::: Records
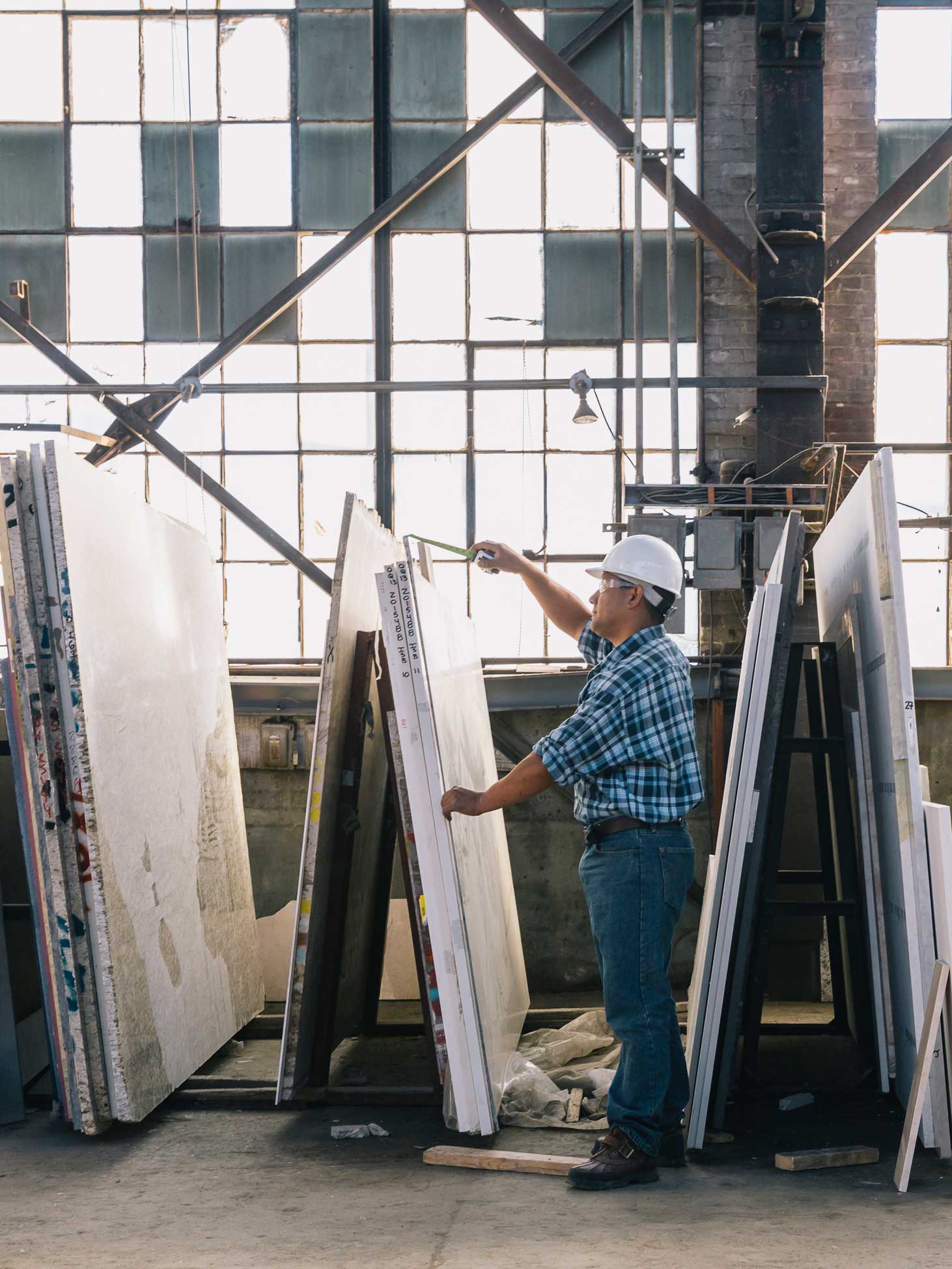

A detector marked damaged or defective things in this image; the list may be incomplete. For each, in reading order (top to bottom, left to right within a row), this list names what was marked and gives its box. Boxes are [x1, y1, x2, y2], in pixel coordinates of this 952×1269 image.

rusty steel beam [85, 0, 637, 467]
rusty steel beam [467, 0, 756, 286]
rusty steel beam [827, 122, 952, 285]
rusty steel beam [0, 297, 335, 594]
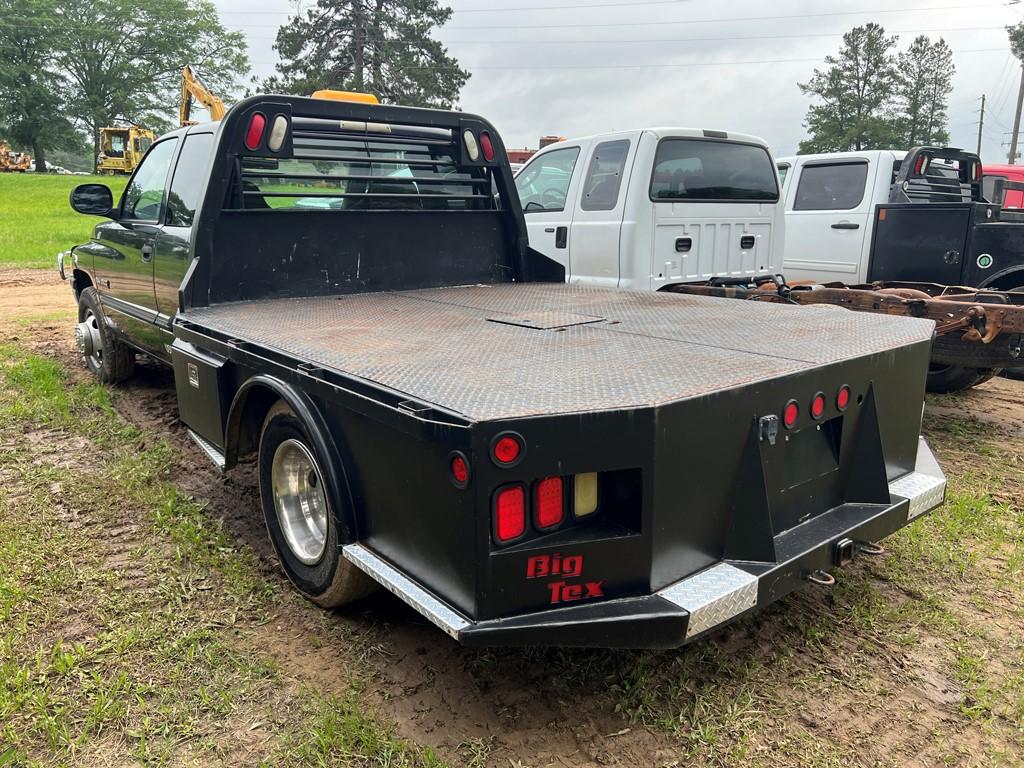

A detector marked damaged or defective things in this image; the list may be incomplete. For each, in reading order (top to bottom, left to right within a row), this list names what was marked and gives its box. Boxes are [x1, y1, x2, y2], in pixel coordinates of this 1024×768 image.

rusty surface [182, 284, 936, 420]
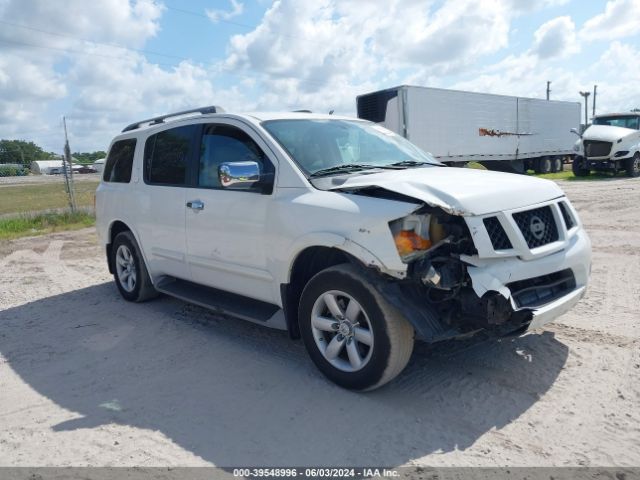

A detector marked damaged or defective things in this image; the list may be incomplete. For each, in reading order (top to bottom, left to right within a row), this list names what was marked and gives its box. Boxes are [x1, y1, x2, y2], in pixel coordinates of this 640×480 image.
::::::
*Exercise description*.
All that belongs in the answer is the exact run of lines from the line containing "this 1024×768 image." to the end of the listing above, pictures removed.

*Answer area*.
A detector marked damaged or defective things in this image; the list may be incomplete. For each, in reading order (top to bottom, left to right within a row), this list names what was marked and gives its box. Boxes are [x1, y1, x2, y2], in pixel coordinates of this 1024×768 image.

rusty surface [182, 284, 936, 420]

A detector marked damaged or defective things in this image; the list may be incomplete. For each, in reading order (top to bottom, left to right within a row), this list names what was marked and gives its box. Boxes are [x1, y1, x2, y2], in pixel coordinates of this 640×480 image.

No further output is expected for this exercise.